Cloning and expression of repA
To verify that the band being detected on the Western blots was indeed RepA, a positive control vector was constructed by cloning the repA gene into the BamHI/HindIII sites of pETDuet-1 (EMD Millipore; Billerica, MA), in-frame with an N-terminal 6X His tag. The resulting plasmid, pETDuet-repA, was used to express RepA-His in E. coli BL21 Star (DE3) (Invitrogen). 50-mL LB cultures of BL21 Star (DE3) containing either pETDuet-repA or pETDuet-1 and 100 μg/mL ampicillin were grown at 30°C with 250 rpm shaking and induced with 0.5 mM IPTG at an OD600 of approximately 0.5. Six hours after induction, 20-mL aliquots of culture were harvested by centrifugation. Lysates were prepared from the pellets using disruption with 0.1 mm glass beads (Scientific Industries) in buffer containing 7 M urea, 0.1 M NaH2PO4, and 0.01 M Tris–HCl at pH 8.0.

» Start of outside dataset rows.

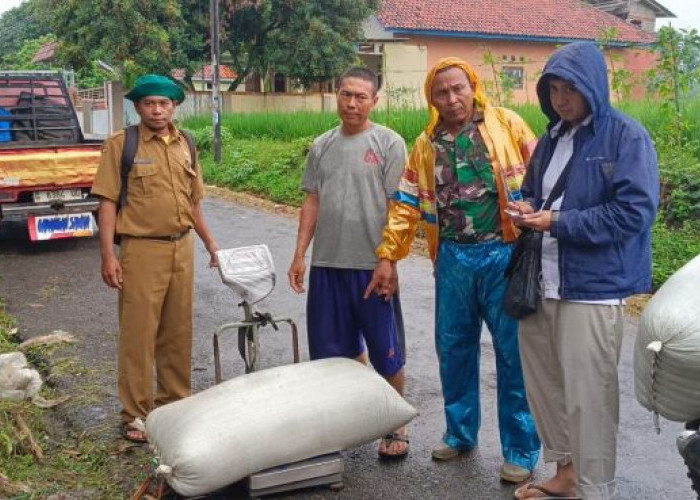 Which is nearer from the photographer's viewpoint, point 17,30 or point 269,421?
point 269,421

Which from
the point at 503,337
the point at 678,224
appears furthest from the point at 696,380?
the point at 678,224

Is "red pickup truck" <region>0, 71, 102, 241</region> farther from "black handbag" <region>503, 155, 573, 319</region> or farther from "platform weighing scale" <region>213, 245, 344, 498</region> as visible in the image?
"black handbag" <region>503, 155, 573, 319</region>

Plasmid quality assessment
Plasmid DNA purified from OD600 = 2 pellets using the Zyppy Plasmid Miniprep Kit (Zymo Research Corporation; Irvine, CA) was run on a 0.7% agarose gel at 90 V for 60 min. to separate the supercoiled, nicked (open-circle), and linear isoforms. The separated DNA was visualized by staining the gel with 0.5 μg/mL ethidium bromide.